For this exercise, return only the lines in the records below from the one holding "Once you've found" through the one holding "Hi everyone and", including both, exactly as they appear and without pictures.

◆ Dataset entries
================================
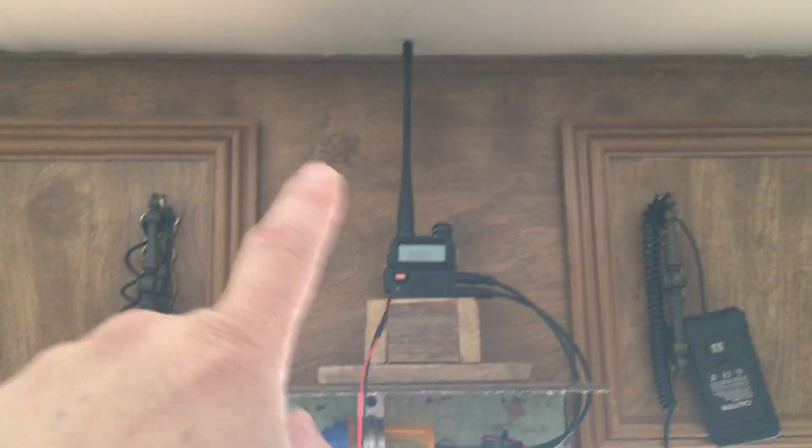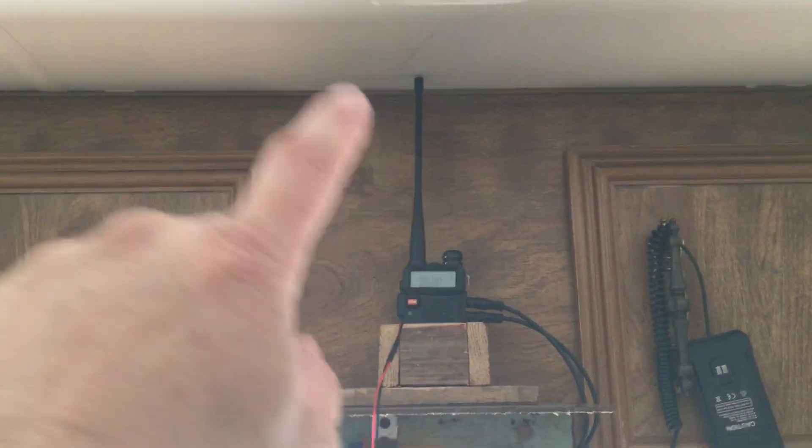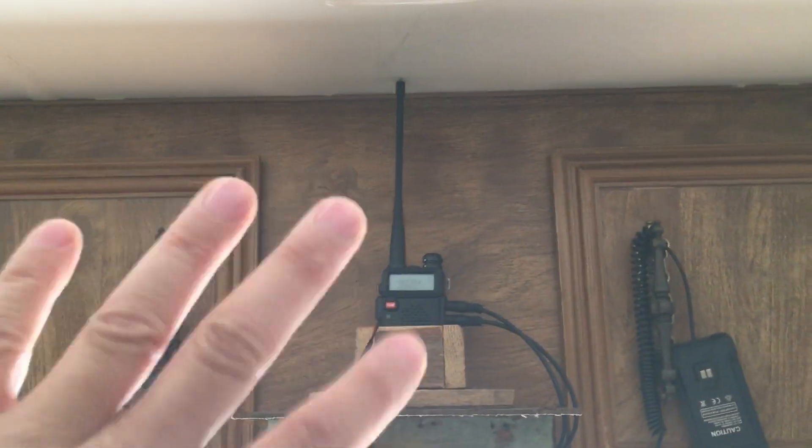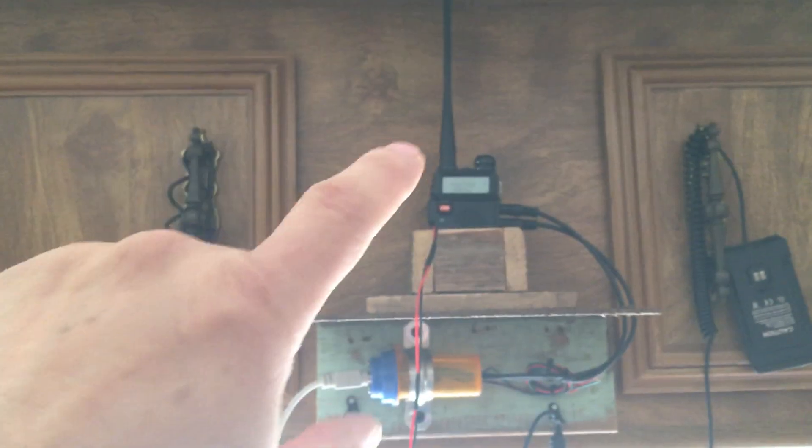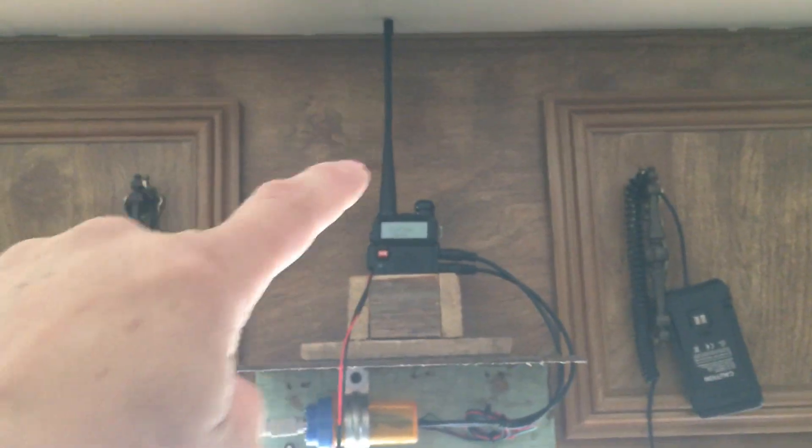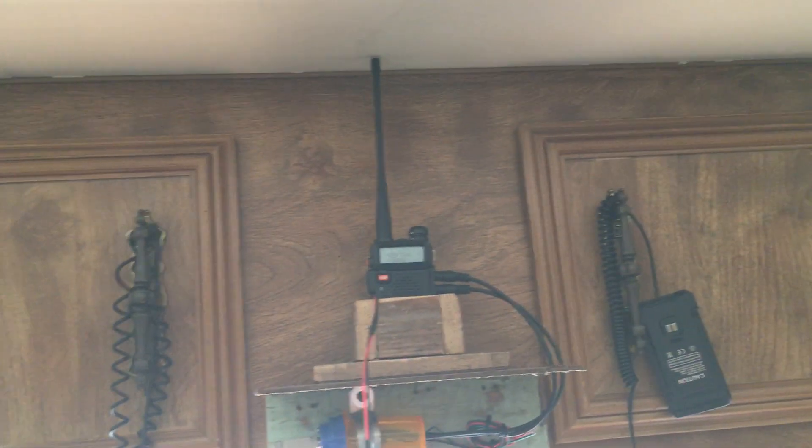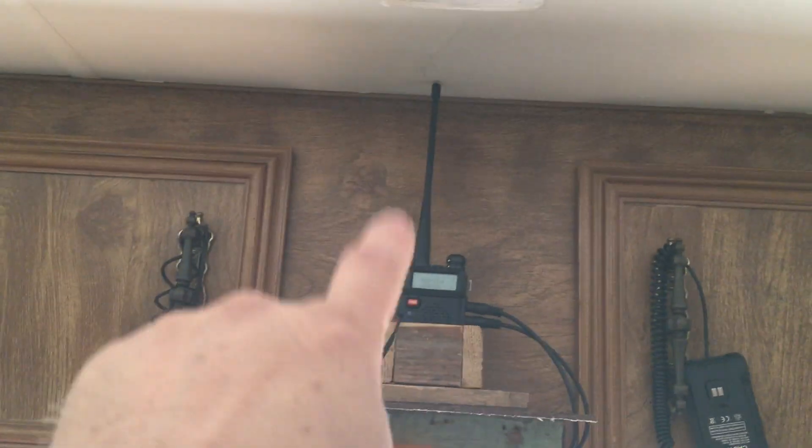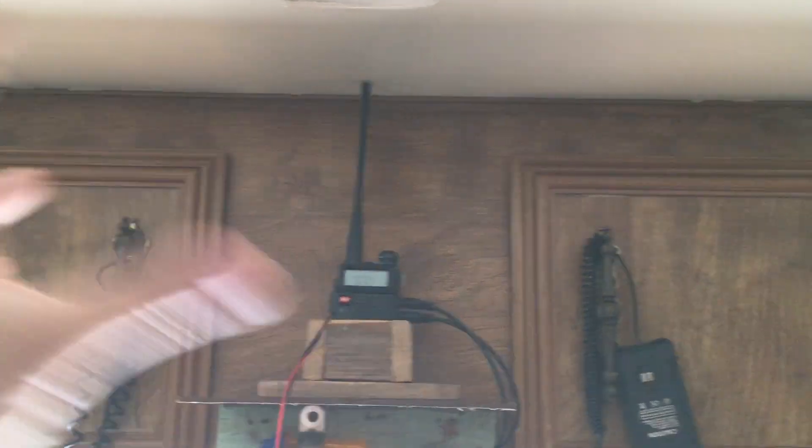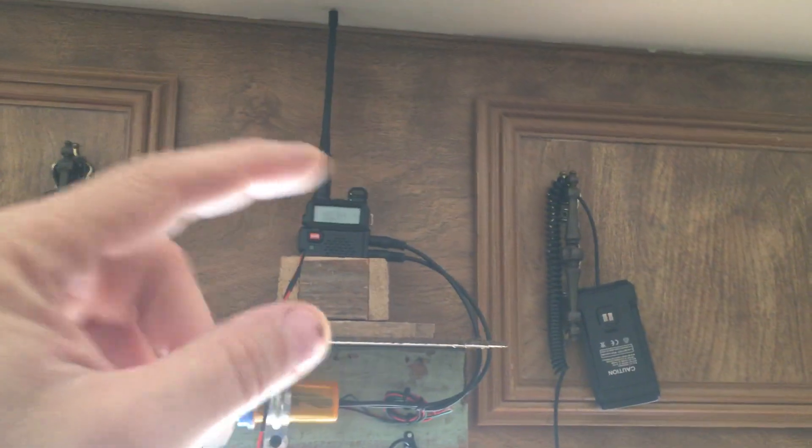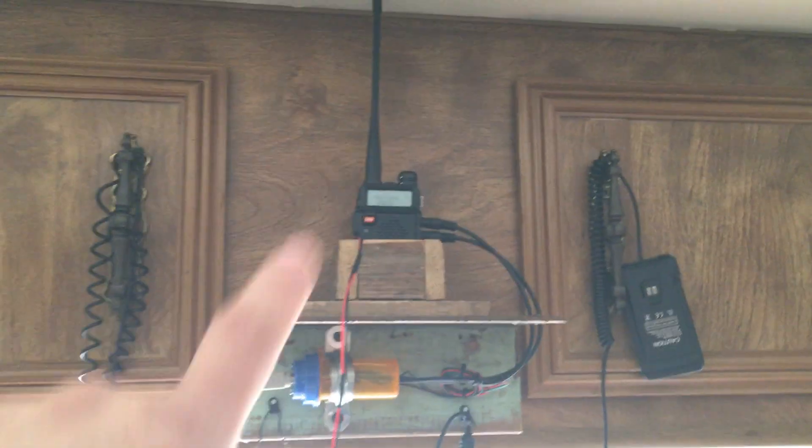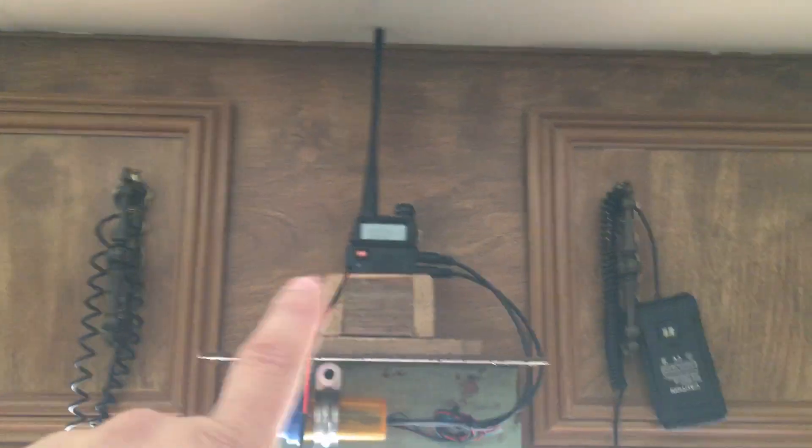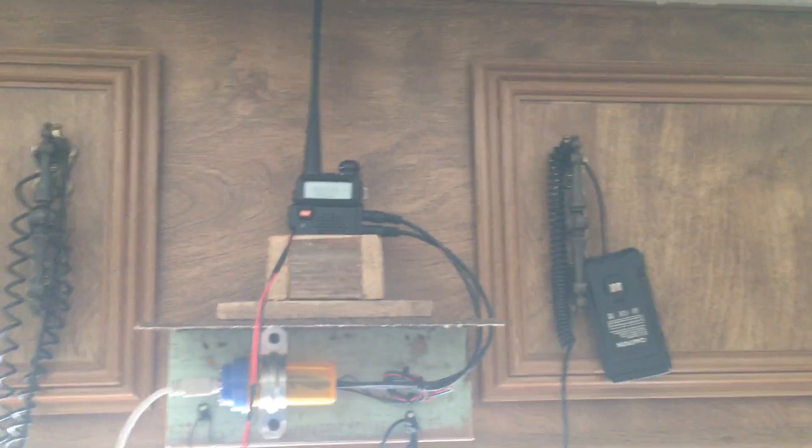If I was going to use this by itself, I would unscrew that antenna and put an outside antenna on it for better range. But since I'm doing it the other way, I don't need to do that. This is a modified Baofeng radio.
================================
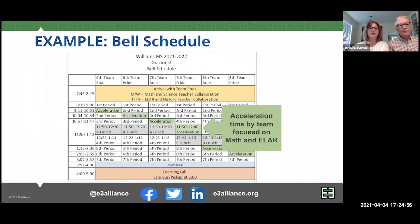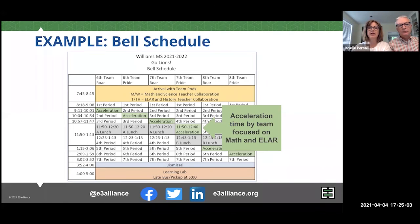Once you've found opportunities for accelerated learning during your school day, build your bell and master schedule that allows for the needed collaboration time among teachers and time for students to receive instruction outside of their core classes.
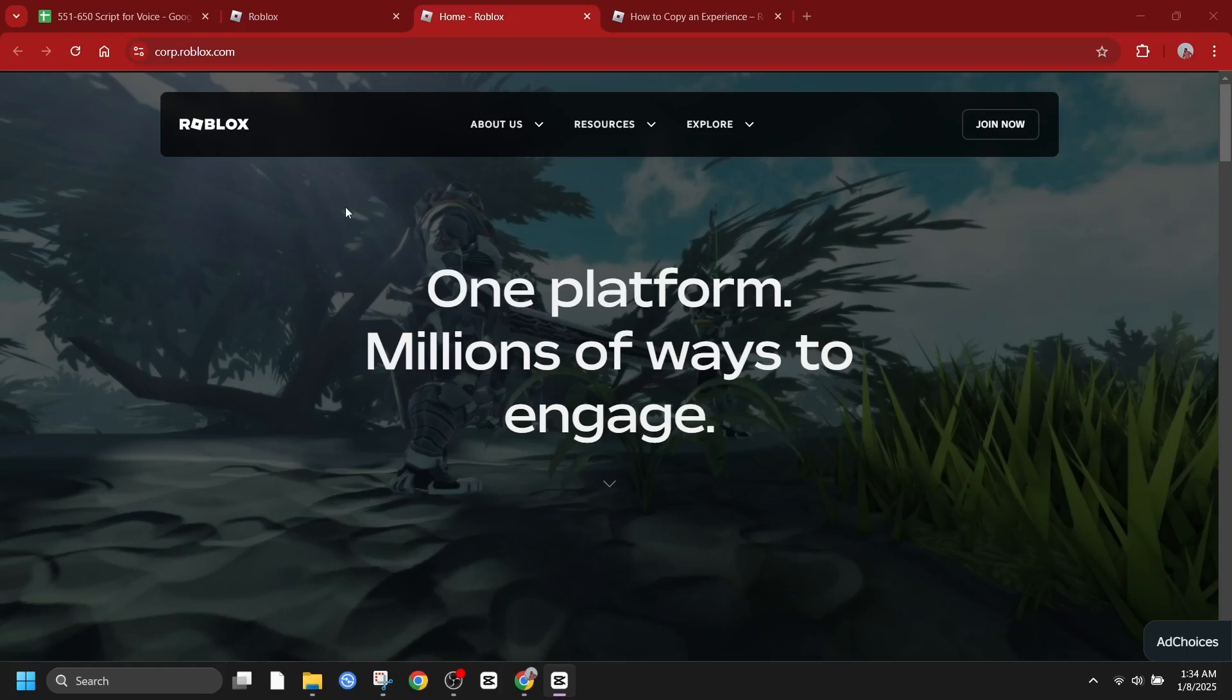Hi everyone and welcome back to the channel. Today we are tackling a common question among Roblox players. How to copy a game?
================================
◆ Solved problem
Once you've found opportunities for accelerated learning during your school day, build your bell and master schedule that allows for the needed collaboration time among teachers and time for students to receive instruction outside of their core classes.
Hi everyone and welcome back to the channel. Today we are tackling a common question among Roblox players. How to copy a game?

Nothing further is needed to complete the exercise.